My incentive for this blog started with a book I checked out of the library. A previous patron had taken it upon herself to mark out words that offended her with a black pen. (I know. It may have been a man, but I doubt it.) Trying to be fair, I would assume she thought she was doing the next readers a favor by eliminating “bad” words so they would not have to read them. At least in my case, she called attention to words I would have sped by, and I think I guessed every one as I paused for her black marker.

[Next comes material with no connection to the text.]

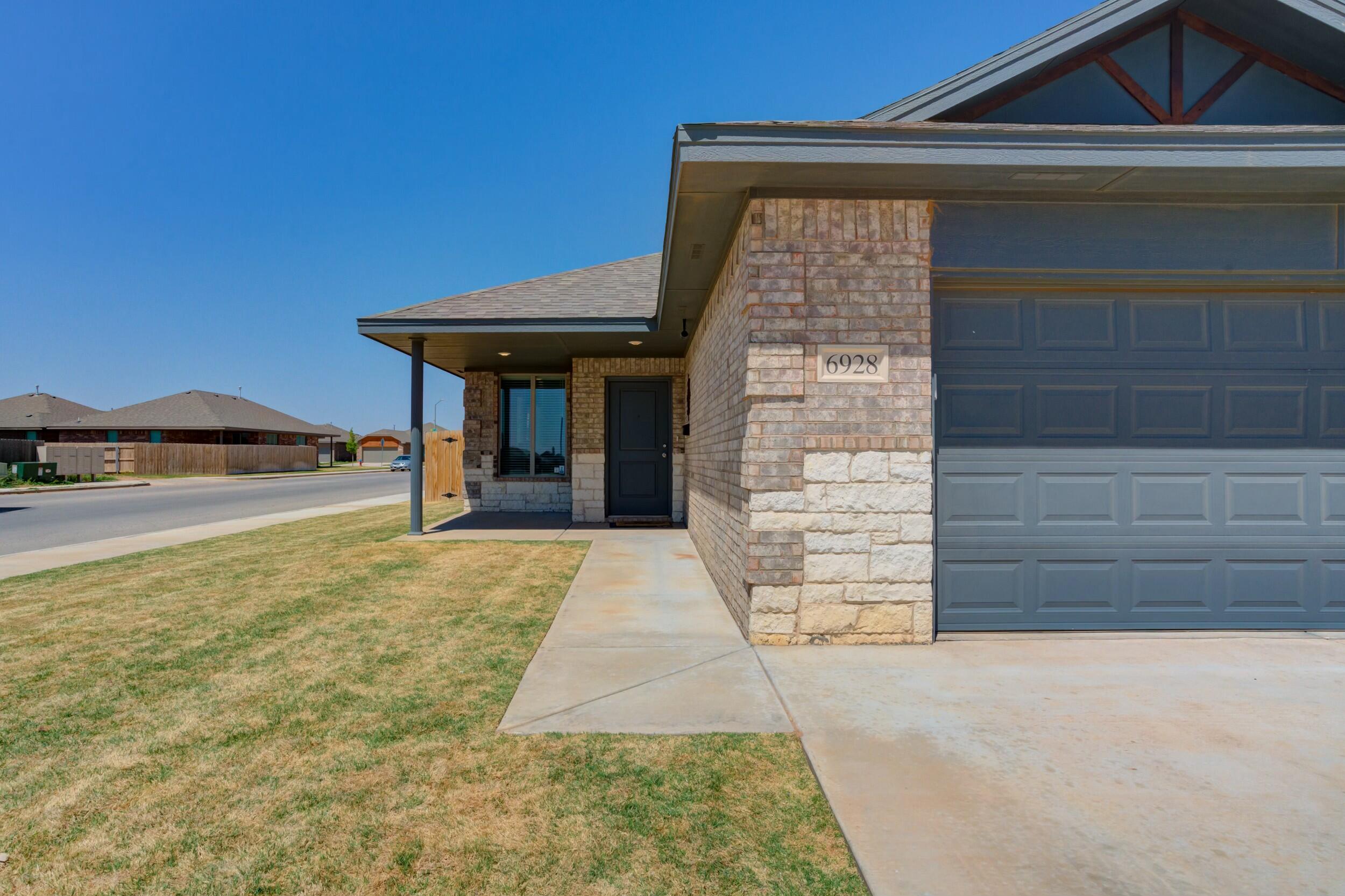 6928 11th Street Lubbock, TX 79416 - Photo 2 of 42 a view of house with outdoor space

I began to question her reasoning. I would guess she thought she was making the world more morally correct. Pursuing this idea, I wondered which of the Ten Commandments she was keeping. The only ones pertaining to language say not to bear false witness and not to take God’s name in vain. The words she marked out broke neither of these. There is another commandment that says, “Thou shalt not steal,” and I contend that she did break this one when she damaged property that did not belong to her but to the library and its patrons. So, I ask, which is the greater sin? As I said, I am not in charge of ranking sins, so I will just leave this question out there.
I have stopped reading books when the details were too explicit or the language too profane for my taste. That is an absolute right, in the same way that I get to choose how much Louisiana hot sauce I put in my chili. It is not my right to choose how much hot sauce or intensity for someone else. Incidentally, the previous library patron must not have finished the book or her pen ran out of ink since there were far more wicked words, by standard rankings, in the second half of the book that she failed to mark out.
I had hardly finished that book when the current furor over censorship and banning books broke out in the regular and social media. The primary current target is the graphic novel, Maus, a story rooted in the Holocaust. In the end, I find myself amused at the results of this furor. Currently, after the wisdom in the state of Tennessee to ban the book, it is now #2 on Amazon. Years of experience in teaching junior high and seeing which books caused a kerfuffle, I am guessing that the real problem is that this book causes kids to think – like Lois Lowry’s often banned The Giver, that I read to my students every year.